Ziprasidone hydrochloride is a drug that can control certain psychiatric disorders. The primary conditions for the drug treatment are schizophrenia and bipolar disorder. Although scientists do not know exactly how the drug helps people with bipolar disorder, in schizophrenia it appears to alter the effects of the brain chemicals serotonin and dopamine, to reduce hallucinations and act as an antidepressant.
Treatment forms of ziprasidone can come in an injection or in a capsule. The hydrochloride form is suitable for capsules, and the ziprasidone mesylate structure comes as the injection. They form part of the atypical antipsychotic medicine group, which tend to be better at treating schizophrenia than other antipsychotic medications.

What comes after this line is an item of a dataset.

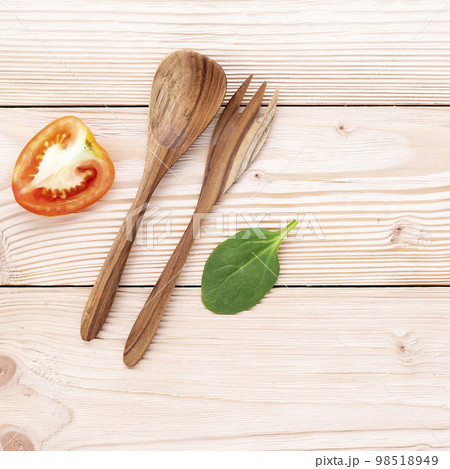 Food background and salad concept with raw ingredients flat lay on white wooden background. Food background and salad concept with raw ingredients flat lay on white wooden background. 98518949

This may be due to the fact that the older drugs do not have much of an effect on the chemical signal serotonin in the brain.
The exact manner in which ziprasidone hydrochloride works is not clear, although it does have effects on the brain, and therefore on emotions and other psychological issues. Scientists think that the drug interacts with certain receptors in the brain. These receptors recognize the chemical signals dopamine and serotonin.
These two receptors are involved in emotion and other feelings. If brain chemistry is altered through psychiatric disease, the affected person can experience mental issues like delusions and hallucinations. Ziprasidone hydrochloride can change the way the brain produces signals, so that the mental problems disappear. This explanation of the mode of action of ziprasidone hydrochloride only relates to schizophrenic illness, and not to bipolar disorder.
As of 2011, it remains unclear how ziprasidone hydrochloride works on the brains of people with bipolar disorder. It does soothe the symptoms of manic episodes, or episodes of mixed symptoms, however, and can prevent other episodes. The capsule may form an entire long-term drug regimen, or a doctor may administer it as emergency medicine when a flare-up of symptoms occurs. Some patients who take it long-term use it as part of a treatment along with another antipsychotic like valproate or lithium. The daily dose depends on the individual patient, and can range from 20 mg to about 80 mg.
Excessive sleepiness is a possible side effect that can affect both schizophrenic and bipolar patients. Infections like colds and flu may also occur, as can dizziness, vomiting or sight problems. Restlessness, weakness or muscle problems are also possible. Risks associated with antipsychotic drugs as a group also include sudden death, potentially lethal problems like Neuroleptic Malignant Syndrome, diabetes and potentially permanent muscle twitches known as tardive dyskinesia.